** What to produce **
Nothing but the lines from the one containing "Framed Print : Sambucus Ebulus, 1803-1805 Framed" through the one containing "樱花盛开在昂川市民公园釜山韩国亚洲视频的预览图", both included, should be given again, each exactly as written below.
-- Data supplied follows --
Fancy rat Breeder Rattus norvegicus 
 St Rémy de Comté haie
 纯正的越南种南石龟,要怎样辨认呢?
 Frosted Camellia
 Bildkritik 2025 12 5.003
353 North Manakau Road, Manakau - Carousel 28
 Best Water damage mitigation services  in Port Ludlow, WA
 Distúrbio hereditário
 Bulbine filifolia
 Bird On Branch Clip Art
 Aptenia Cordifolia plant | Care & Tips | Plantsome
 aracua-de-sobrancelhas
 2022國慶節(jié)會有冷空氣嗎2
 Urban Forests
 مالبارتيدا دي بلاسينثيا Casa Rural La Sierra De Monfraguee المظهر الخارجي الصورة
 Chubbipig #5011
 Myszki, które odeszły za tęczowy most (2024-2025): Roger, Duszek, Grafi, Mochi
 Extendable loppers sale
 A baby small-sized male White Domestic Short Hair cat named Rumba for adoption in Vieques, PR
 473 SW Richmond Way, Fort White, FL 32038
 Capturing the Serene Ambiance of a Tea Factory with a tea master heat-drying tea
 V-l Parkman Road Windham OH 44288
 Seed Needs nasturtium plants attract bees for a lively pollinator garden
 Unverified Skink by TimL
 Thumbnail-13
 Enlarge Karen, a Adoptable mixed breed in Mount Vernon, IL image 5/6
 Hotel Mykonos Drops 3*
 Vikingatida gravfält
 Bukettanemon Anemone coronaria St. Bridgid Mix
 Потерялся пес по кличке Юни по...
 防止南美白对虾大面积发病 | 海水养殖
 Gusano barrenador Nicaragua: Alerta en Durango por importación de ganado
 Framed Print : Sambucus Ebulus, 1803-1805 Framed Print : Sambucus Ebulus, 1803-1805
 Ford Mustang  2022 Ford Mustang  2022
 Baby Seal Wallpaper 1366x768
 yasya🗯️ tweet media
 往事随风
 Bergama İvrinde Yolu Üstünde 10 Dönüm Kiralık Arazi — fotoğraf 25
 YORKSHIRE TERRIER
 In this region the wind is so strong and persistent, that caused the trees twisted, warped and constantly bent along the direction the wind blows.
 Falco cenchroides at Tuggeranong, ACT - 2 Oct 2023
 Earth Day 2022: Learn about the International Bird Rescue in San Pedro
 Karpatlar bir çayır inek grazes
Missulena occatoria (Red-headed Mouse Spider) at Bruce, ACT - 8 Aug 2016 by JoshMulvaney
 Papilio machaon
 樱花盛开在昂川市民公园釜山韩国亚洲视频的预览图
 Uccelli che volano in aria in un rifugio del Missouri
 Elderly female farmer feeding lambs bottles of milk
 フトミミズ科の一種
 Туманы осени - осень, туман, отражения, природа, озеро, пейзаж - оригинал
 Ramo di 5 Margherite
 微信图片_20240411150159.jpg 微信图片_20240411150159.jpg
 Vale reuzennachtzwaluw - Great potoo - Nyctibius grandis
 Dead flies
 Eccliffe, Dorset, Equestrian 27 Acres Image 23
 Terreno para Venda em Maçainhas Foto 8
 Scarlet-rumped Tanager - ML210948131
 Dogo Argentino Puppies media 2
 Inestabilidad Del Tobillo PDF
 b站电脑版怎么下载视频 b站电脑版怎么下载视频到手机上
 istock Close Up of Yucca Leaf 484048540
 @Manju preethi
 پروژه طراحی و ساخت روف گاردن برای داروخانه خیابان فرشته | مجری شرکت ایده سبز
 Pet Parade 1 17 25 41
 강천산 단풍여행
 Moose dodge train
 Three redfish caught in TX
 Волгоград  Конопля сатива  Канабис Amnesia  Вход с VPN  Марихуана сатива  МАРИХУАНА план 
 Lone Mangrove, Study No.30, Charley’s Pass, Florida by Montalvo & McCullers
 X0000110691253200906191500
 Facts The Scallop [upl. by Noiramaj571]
-- Data supplied concluded --
** Result **
 Framed Print : Sambucus Ebulus, 1803-1805 Framed Print : Sambucus Ebulus, 1803-1805
 Ford Mustang  2022 Ford Mustang  2022
 Baby Seal Wallpaper 1366x768
 yasya🗯️ tweet media
 往事随风
 Bergama İvrinde Yolu Üstünde 10 Dönüm Kiralık Arazi — fotoğraf 25
 YORKSHIRE TERRIER
 In this region the wind is so strong and persistent, that caused the trees twisted, warped and constantly bent along the direction the wind blows.
 Falco cenchroides at Tuggeranong, ACT - 2 Oct 2023
 Earth Day 2022: Learn about the International Bird Rescue in San Pedro
 Karpatlar bir çayır inek grazes
Missulena occatoria (Red-headed Mouse Spider) at Bruce, ACT - 8 Aug 2016 by JoshMulvaney
 Papilio machaon
 樱花盛开在昂川市民公园釜山韩国亚洲视频的预览图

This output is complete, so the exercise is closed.